Entries supplied section start

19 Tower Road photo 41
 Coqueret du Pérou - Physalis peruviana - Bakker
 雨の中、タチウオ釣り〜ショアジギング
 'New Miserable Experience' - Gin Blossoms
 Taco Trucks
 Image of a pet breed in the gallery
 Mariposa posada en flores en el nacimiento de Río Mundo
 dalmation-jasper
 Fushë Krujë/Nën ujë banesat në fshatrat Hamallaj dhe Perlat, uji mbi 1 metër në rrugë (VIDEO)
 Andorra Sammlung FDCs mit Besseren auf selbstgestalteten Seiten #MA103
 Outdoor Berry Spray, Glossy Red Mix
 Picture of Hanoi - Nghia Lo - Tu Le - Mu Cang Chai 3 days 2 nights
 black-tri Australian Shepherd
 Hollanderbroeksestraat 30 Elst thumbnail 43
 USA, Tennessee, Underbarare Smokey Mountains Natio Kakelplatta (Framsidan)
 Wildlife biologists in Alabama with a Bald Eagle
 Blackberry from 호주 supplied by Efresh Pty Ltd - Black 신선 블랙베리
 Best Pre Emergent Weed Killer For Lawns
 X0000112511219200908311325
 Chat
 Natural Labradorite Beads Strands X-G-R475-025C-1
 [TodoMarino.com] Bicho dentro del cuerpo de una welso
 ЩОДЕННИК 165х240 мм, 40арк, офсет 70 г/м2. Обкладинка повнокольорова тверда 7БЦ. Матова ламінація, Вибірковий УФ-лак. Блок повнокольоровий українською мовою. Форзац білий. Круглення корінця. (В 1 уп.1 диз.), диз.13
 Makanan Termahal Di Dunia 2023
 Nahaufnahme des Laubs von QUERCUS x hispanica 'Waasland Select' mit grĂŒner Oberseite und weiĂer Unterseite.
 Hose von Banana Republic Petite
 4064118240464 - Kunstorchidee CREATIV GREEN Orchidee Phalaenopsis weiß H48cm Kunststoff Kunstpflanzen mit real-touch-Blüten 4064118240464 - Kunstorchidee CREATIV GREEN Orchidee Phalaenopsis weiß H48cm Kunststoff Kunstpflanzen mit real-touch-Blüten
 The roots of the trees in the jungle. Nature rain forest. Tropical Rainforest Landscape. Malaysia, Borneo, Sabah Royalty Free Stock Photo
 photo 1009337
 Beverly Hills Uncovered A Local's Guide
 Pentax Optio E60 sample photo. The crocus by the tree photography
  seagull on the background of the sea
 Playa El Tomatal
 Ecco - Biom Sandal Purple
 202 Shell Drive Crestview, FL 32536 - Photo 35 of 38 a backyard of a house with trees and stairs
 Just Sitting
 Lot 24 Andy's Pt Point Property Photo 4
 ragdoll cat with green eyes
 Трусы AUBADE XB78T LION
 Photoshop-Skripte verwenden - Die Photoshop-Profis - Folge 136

Entries supplied section end

» **Task item**: Would you copy, word for word, only the lines from the start of the listing to the one that contains "Fushë Krujë/Nën ujë", both included?

» **Solution for this exercise**:
19 Tower Road photo 41
 Coqueret du Pérou - Physalis peruviana - Bakker
 雨の中、タチウオ釣り〜ショアジギング
 'New Miserable Experience' - Gin Blossoms
 Taco Trucks
 Image of a pet breed in the gallery
 Mariposa posada en flores en el nacimiento de Río Mundo
 dalmation-jasper
 Fushë Krujë/Nën ujë banesat në fshatrat Hamallaj dhe Perlat, uji mbi 1 metër në rrugë (VIDEO)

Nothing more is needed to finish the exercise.